不動産会社に勤めていて仕事の幅を広げるために「宅建」を取得し、キャリアアップを目指す「資格取得」は別ですが、どのように収入を増やすか計画もなく、ただ資格を取れば収入もアップすると思って不安を埋めるために勉強しているのです。

勉強が収入アップの目的ではなく、「勉強が手段」になっているのですね。

離婚して自信がないというある女性は、コミュニケーション力を上げるために30万円でNLPの資格を取り、NLPを学んでいるときに知り合った人からあるセミナーを進められ、そこにも数十万円払って受講。セミナーで「講師になれるアドバンスコースもあるよ。講師になれば独立できるよ」と言われて、会社で疎外感を抱いていた彼女は独立するための投資と考えて50万円をローンで支払いました。
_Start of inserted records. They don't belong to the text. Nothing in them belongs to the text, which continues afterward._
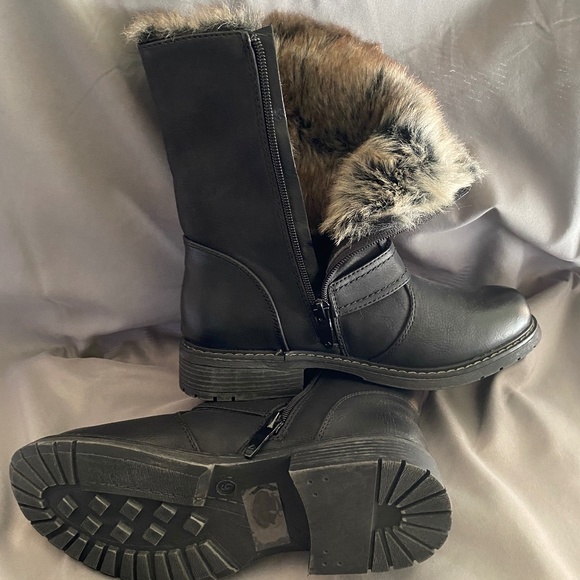 Moto Boots - Picture 2 of 2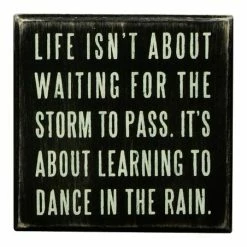 New ❤️ Primitives By Kathy Black 'Dance In The Rain' Box Sign ✔️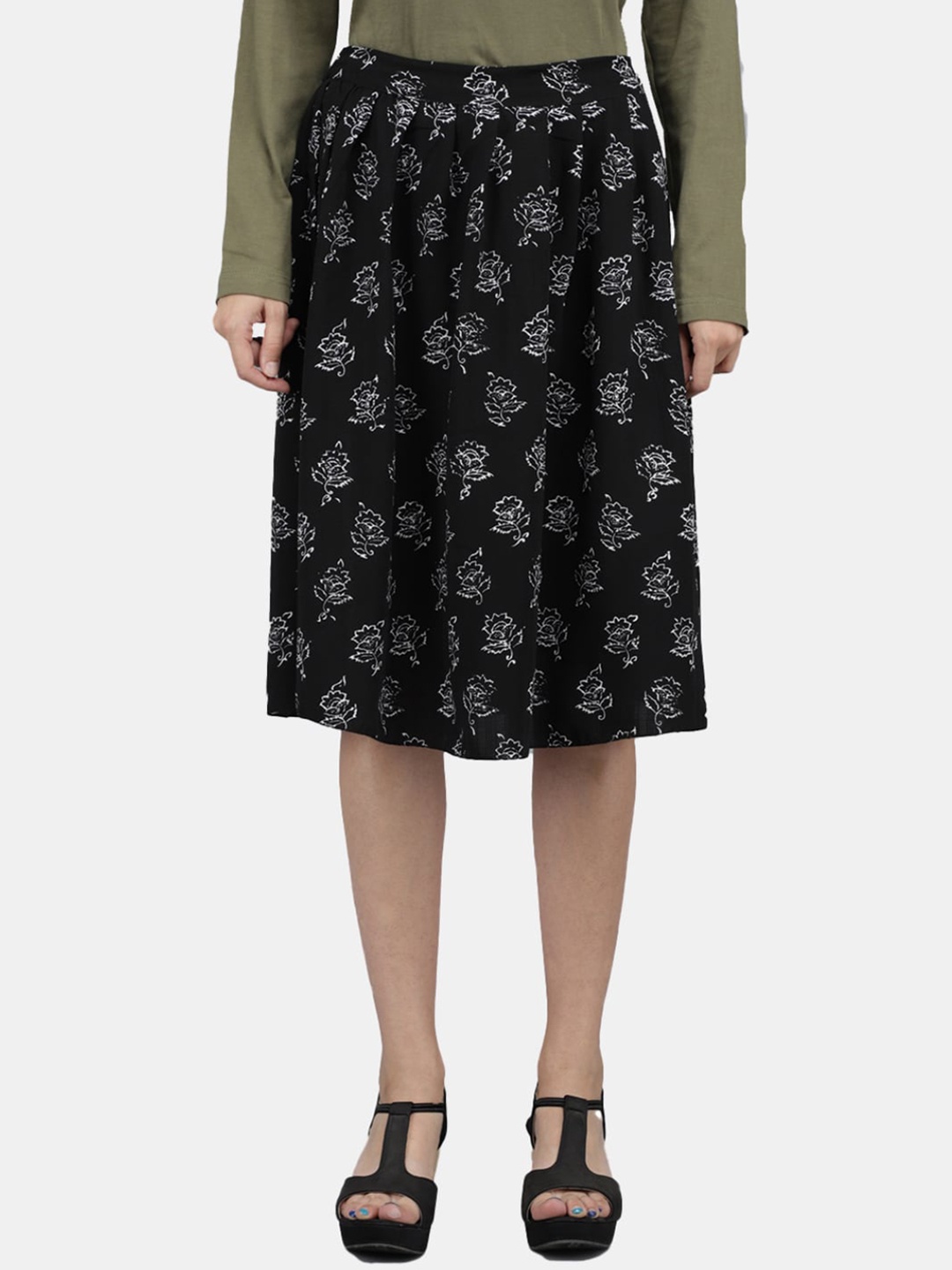

V-Mart Printed Knee Length A-Line Flared Slip-On Skirts, Black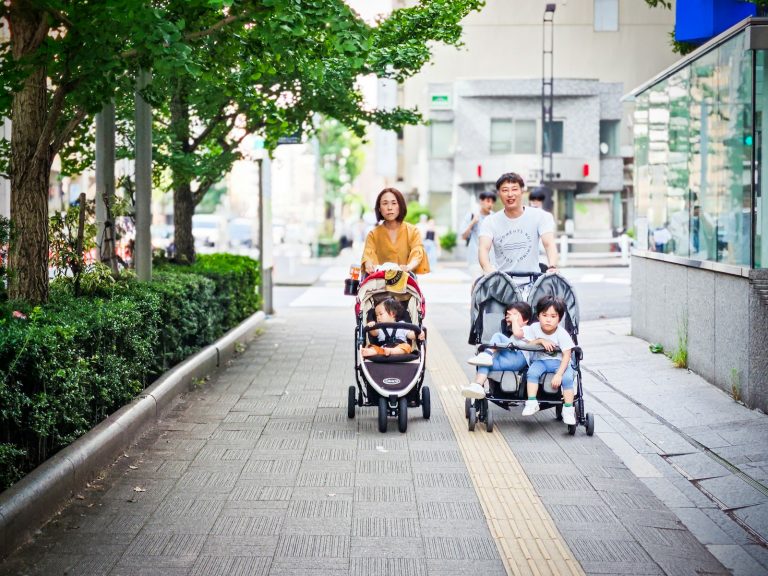 How to Choose a Stroller: Everyday, Compact, and Travel-System Options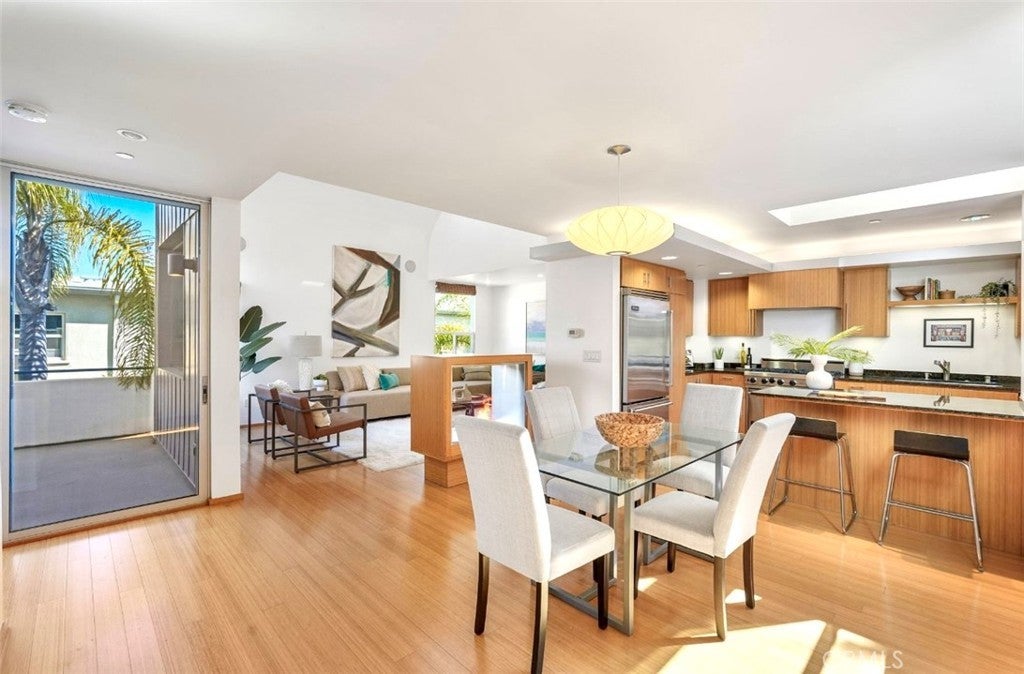 Photo of Listing #OC25180100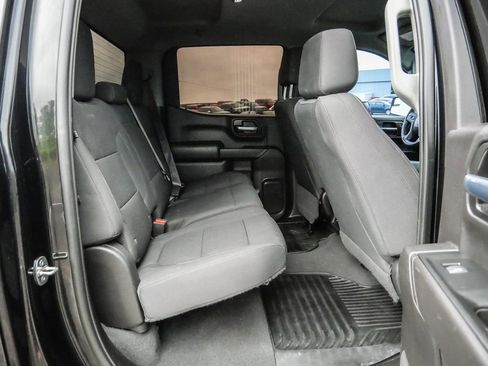 Used 2022 Chevrolet Silverado 1500 Custom Trail Boss AWD/4WD image 18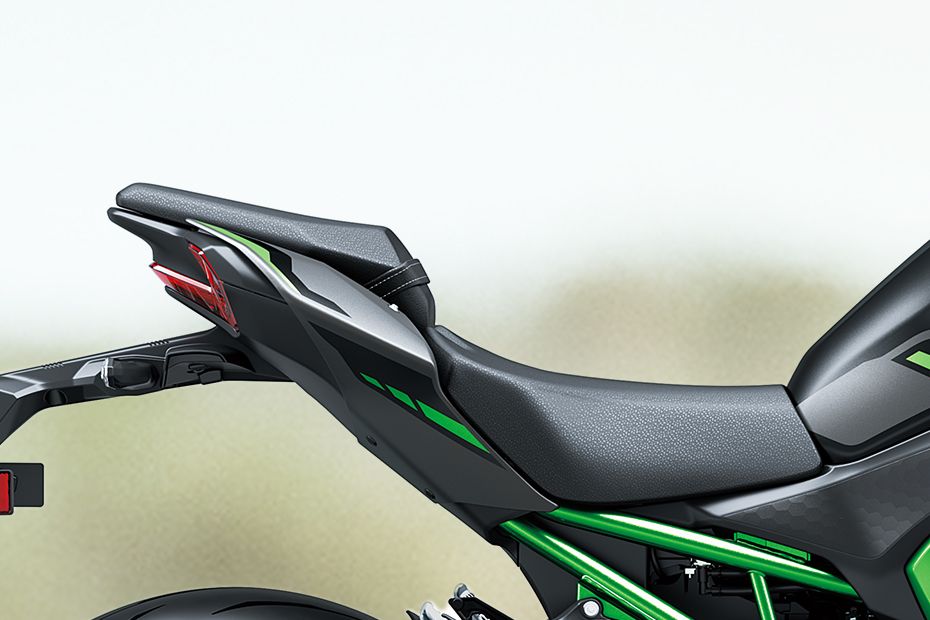 Seat of Z900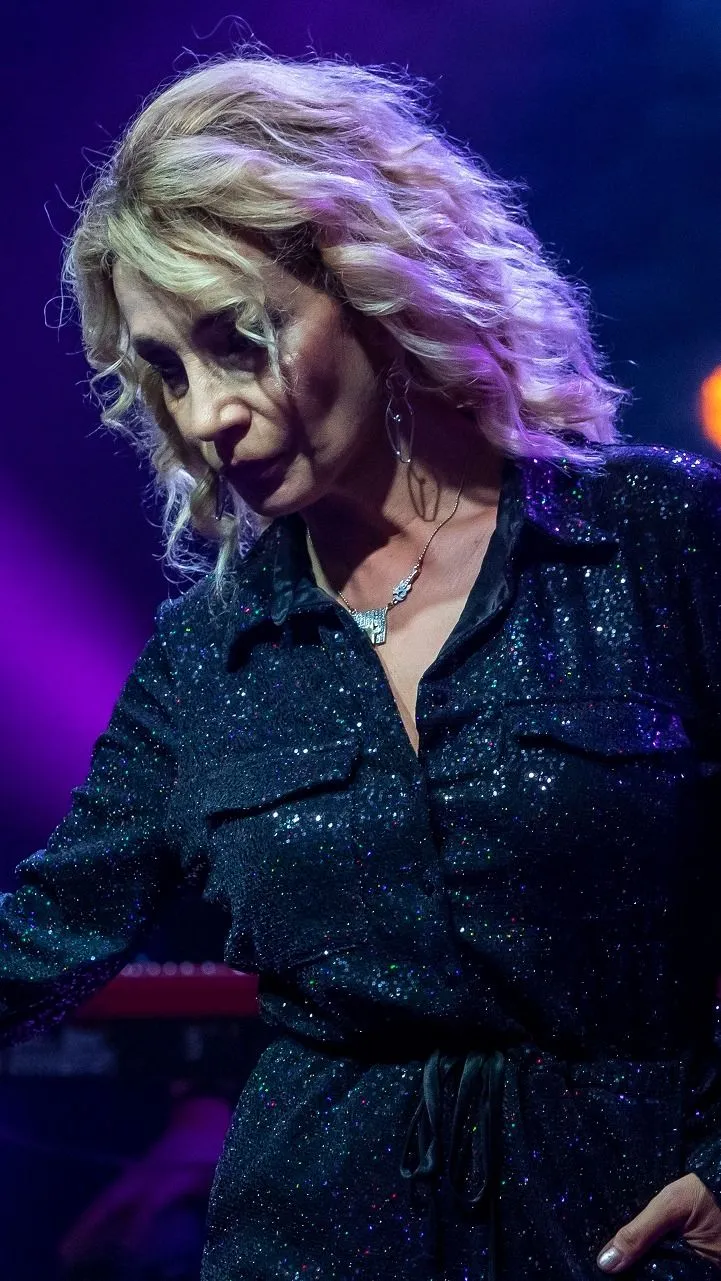 Keresztes Ildikó kezét még mindig fogja az édesanyja!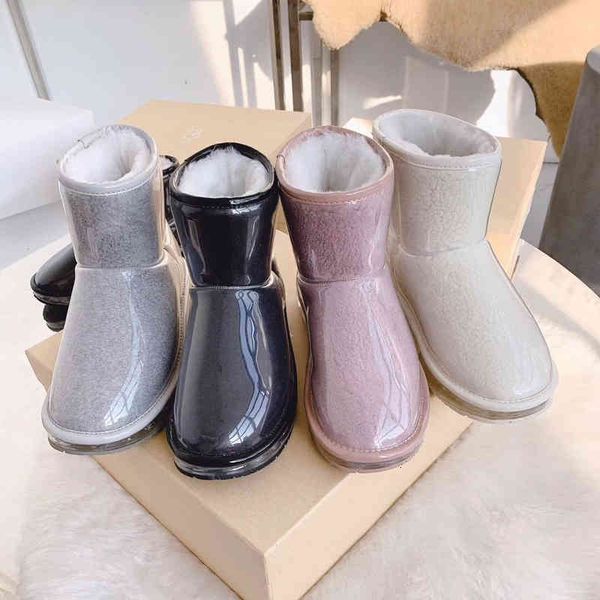 boots pvc film transparent snow boots female sheep fur integrated warm thickened waterproof and anti-skid one-step short, Black
boots pvc film transparent snow boots female sheep fur integrated warm thickened waterproof and anti-skid one-step short, Black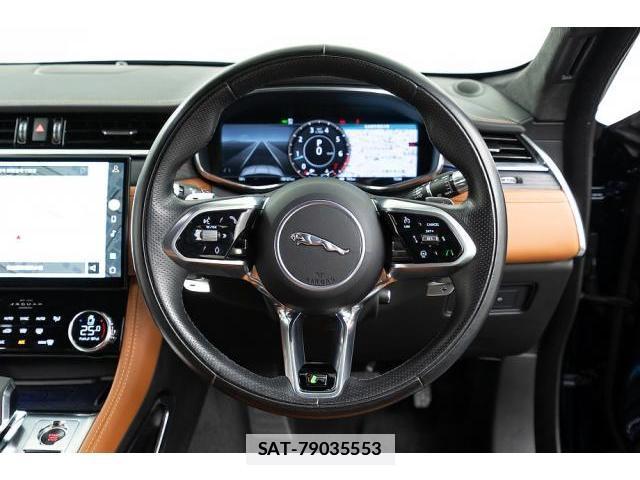 Jaguar F-PACE 2021-04 7807051-17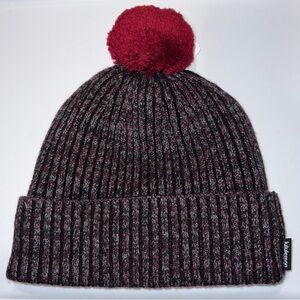 Lululemon TEXTURED FLEECE-LINED KNIT BEANIE Cassis/Black/Dark Heather Grey/Black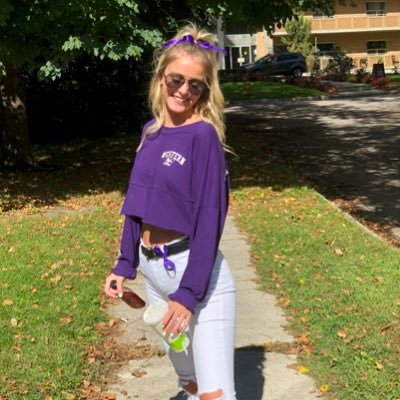 courtmowat's profile picture. 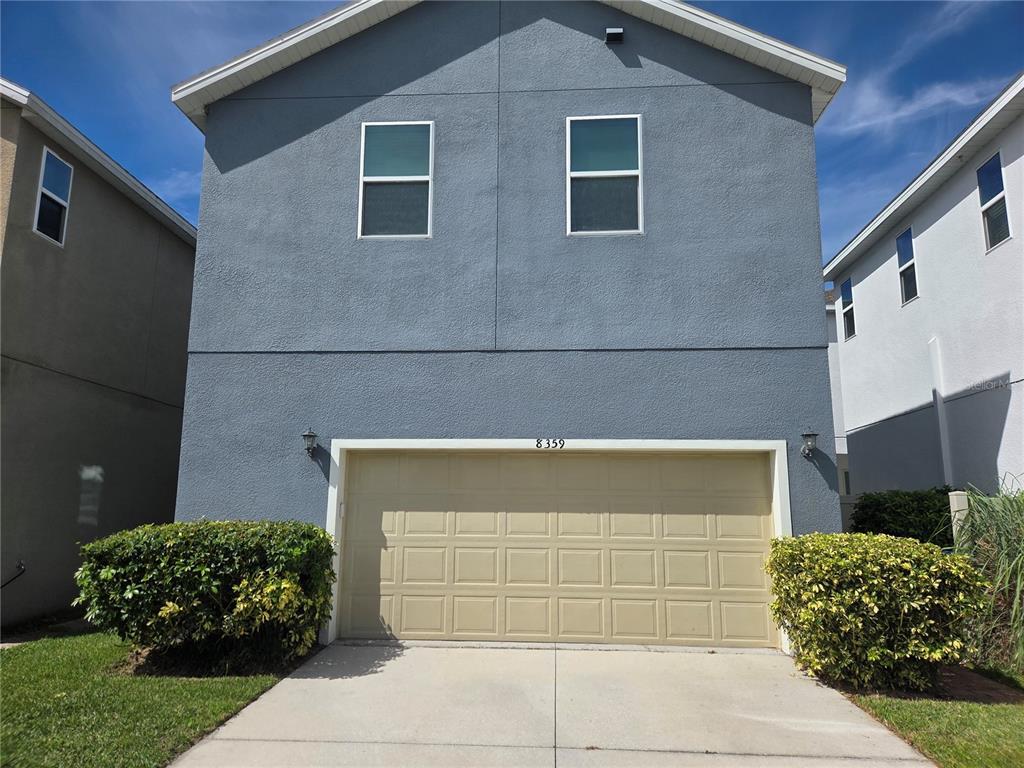 Foto principal - 8359 Lookout Pointe Dr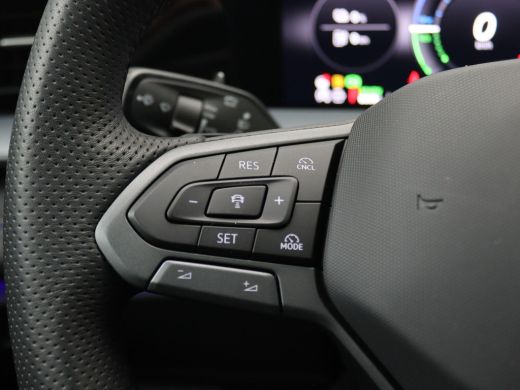 Volkswagen Tayron 1.5 eHybrid R-Line Edition 272PK DSG SOH 100%, Pano-Schuifdak, Black Style, Trekhaak, Matrix LED ... ActivLease financial lease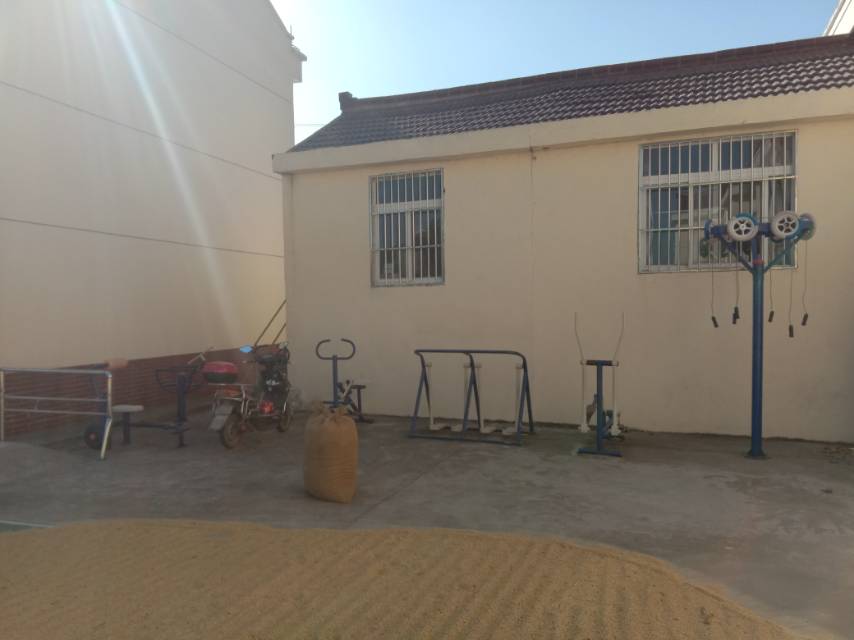 紅三村村部1018號(hào)健身路徑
再婚を考えて、男性とうまくいきたくてご相談に来たとき、数百万円の借金がありました。

詳しく聞けば、元夫との関係が悪くなったのも、スピリチュアルやセミナーにはまったことをとがめられたからのようです。夫と話し合うべきところを、「どうせ分かってくれない」と向き合わずに相手の気持ちを占い師に聞き、スピリチュアルにすがって祈って願って幸せを引き寄せようとしておりました。

職場とは違ってセミナーで知り合った人たちは、自分を否定せず居心地がよかったそうです。

居場所欲しさにお金を払ってしまう人は貯められないでしょう。本来、それはお金で買えるものではないのです。